Return the full listing word for word, but drop every picture from it.

• **EXERCISE DATA**
□ □ □ □ □
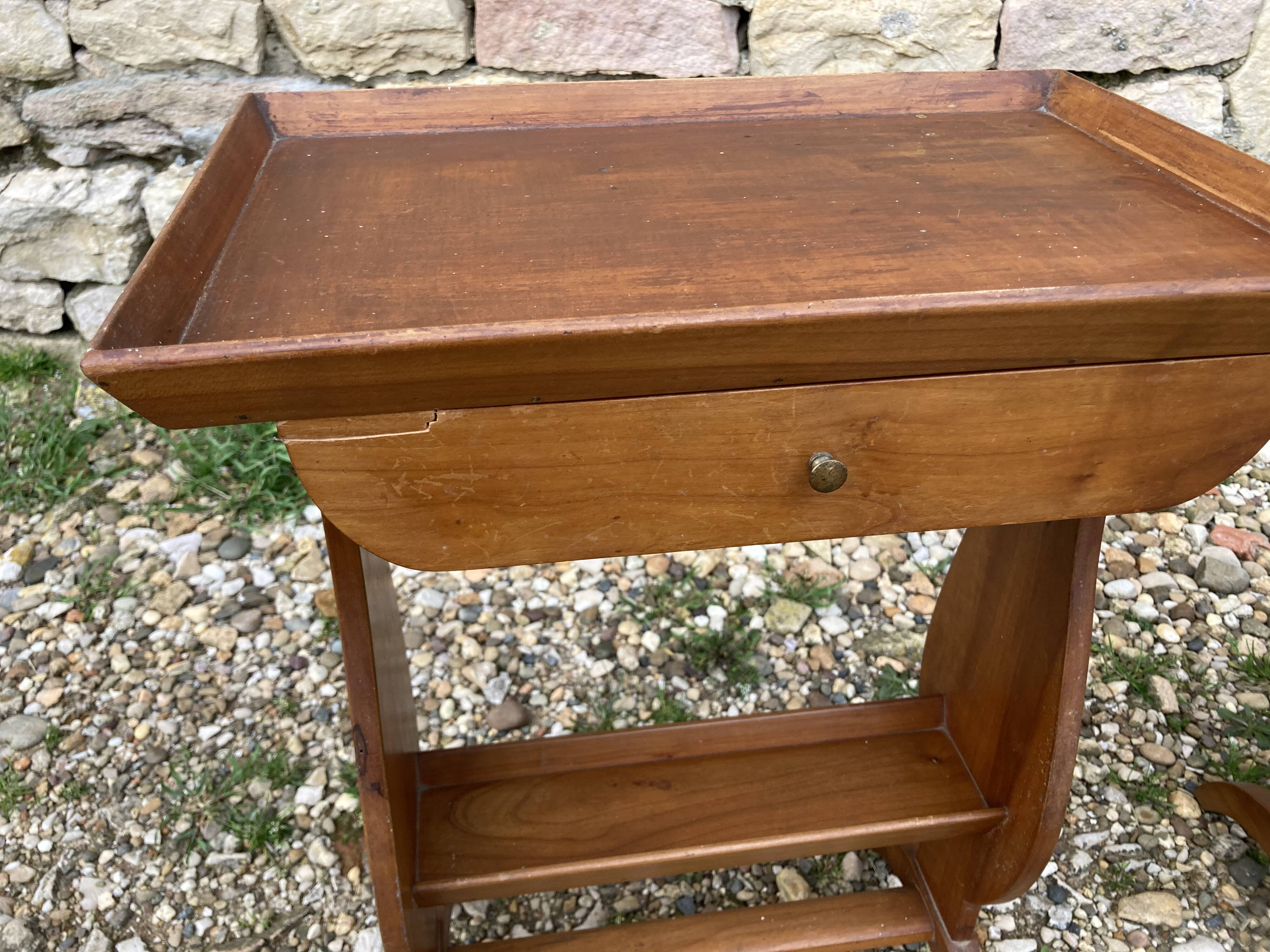 Pair of bedsides 20th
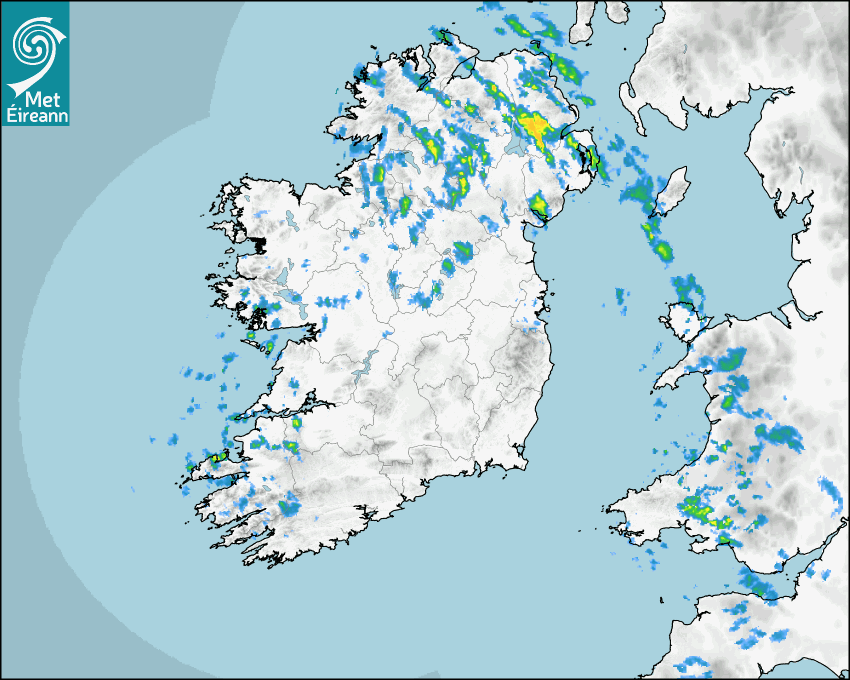 Most Recent Radar Map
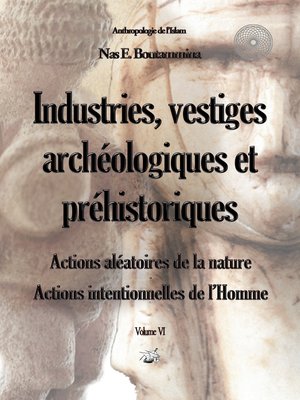 cover image of Industries, vestiges archéologiques et préhistoriques--Action aléatoire de la nature & Action intentionnelle de l'Homme--Volume VI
□ □ □ □ □
• **ANSWER BOX**
 Pair of bedsides 20th
 Most Recent Radar Map
 cover image of Industries, vestiges archéologiques et préhistoriques--Action aléatoire de la nature & Action intentionnelle de l'Homme--Volume VI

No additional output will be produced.